--- RECORDS SUPPLIED ---

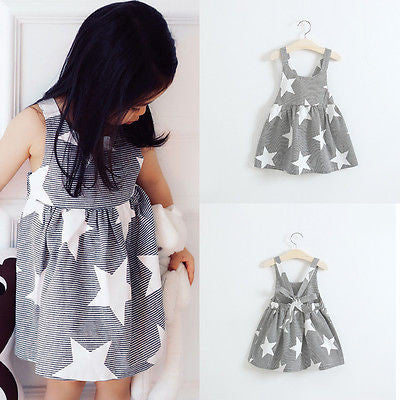 baby dress 2016 kids girls star printed dress summer beach sundress sleevless striped sling casual dress
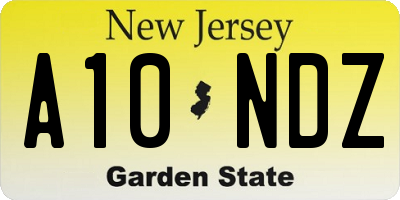 NJ license plate A10NDZ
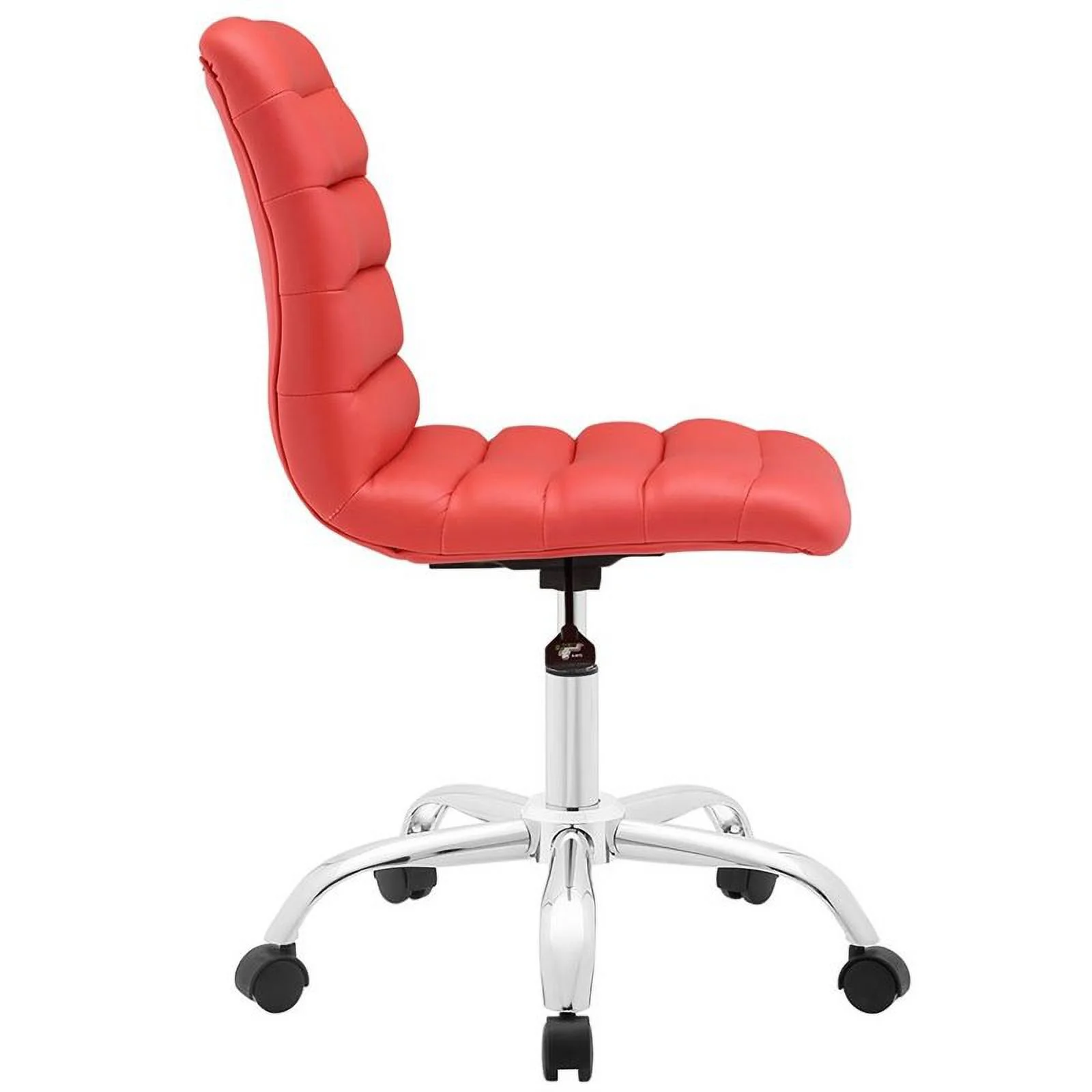 Home Square 2 Piece Mid Back Armless Swivel Office Chair Set in Red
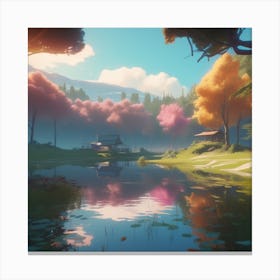 Pond And Trees Canvas Print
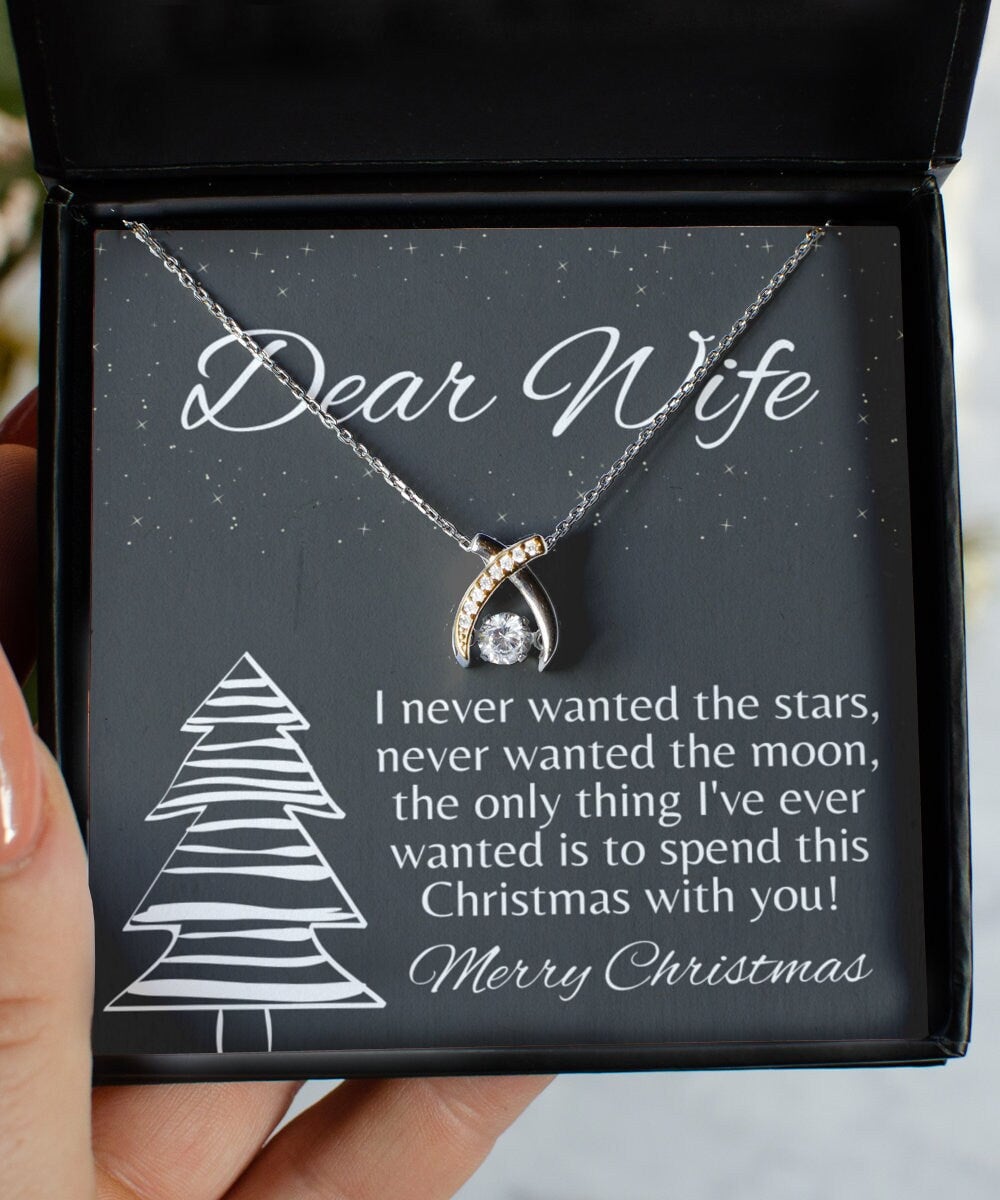 Dear Wife Merry Christmas Wishbone Dancing Necklace Gift For Her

---

• TRY IT
Leave the pictures aside and transcribe only the lines from the one holding "Home Square 2" through the final line of the records above.

• RESPONSE AREA
 Home Square 2 Piece Mid Back Armless Swivel Office Chair Set in Red
 Pond And Trees Canvas Print
 Dear Wife Merry Christmas Wishbone Dancing Necklace Gift For Her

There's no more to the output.